Crawled caption data:
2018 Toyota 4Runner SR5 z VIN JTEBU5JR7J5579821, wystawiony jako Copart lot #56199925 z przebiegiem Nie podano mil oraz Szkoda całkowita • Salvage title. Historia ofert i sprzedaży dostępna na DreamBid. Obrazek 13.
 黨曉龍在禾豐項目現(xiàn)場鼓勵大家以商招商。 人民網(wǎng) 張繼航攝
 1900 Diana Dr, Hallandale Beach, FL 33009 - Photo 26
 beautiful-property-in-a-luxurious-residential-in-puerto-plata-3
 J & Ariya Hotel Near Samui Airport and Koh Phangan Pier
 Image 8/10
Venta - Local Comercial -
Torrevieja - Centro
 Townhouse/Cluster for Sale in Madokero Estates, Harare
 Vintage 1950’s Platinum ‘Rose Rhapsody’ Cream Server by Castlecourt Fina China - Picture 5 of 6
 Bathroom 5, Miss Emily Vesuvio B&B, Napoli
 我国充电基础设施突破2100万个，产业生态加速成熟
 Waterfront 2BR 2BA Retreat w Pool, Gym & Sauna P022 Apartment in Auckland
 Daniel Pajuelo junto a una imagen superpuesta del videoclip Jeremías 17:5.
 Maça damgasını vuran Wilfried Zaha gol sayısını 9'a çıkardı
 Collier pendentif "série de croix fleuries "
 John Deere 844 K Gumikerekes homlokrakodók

ABOUT THIS EXERCISE:
The entries shown above should be duplicated exactly.

WRITTEN SOLUTION:
2018 Toyota 4Runner SR5 z VIN JTEBU5JR7J5579821, wystawiony jako Copart lot #56199925 z przebiegiem Nie podano mil oraz Szkoda całkowita • Salvage title. Historia ofert i sprzedaży dostępna na DreamBid. Obrazek 13.
 黨曉龍在禾豐項目現(xiàn)場鼓勵大家以商招商。 人民網(wǎng) 張繼航攝
 1900 Diana Dr, Hallandale Beach, FL 33009 - Photo 26
 beautiful-property-in-a-luxurious-residential-in-puerto-plata-3
 J & Ariya Hotel Near Samui Airport and Koh Phangan Pier
 Image 8/10
Venta - Local Comercial -
Torrevieja - Centro
 Townhouse/Cluster for Sale in Madokero Estates, Harare
 Vintage 1950’s Platinum ‘Rose Rhapsody’ Cream Server by Castlecourt Fina China - Picture 5 of 6
 Bathroom 5, Miss Emily Vesuvio B&B, Napoli
 我国充电基础设施突破2100万个，产业生态加速成熟
 Waterfront 2BR 2BA Retreat w Pool, Gym & Sauna P022 Apartment in Auckland
 Daniel Pajuelo junto a una imagen superpuesta del videoclip Jeremías 17:5.
 Maça damgasını vuran Wilfried Zaha gol sayısını 9'a çıkardı
 Collier pendentif "série de croix fleuries "
 John Deere 844 K Gumikerekes homlokrakodók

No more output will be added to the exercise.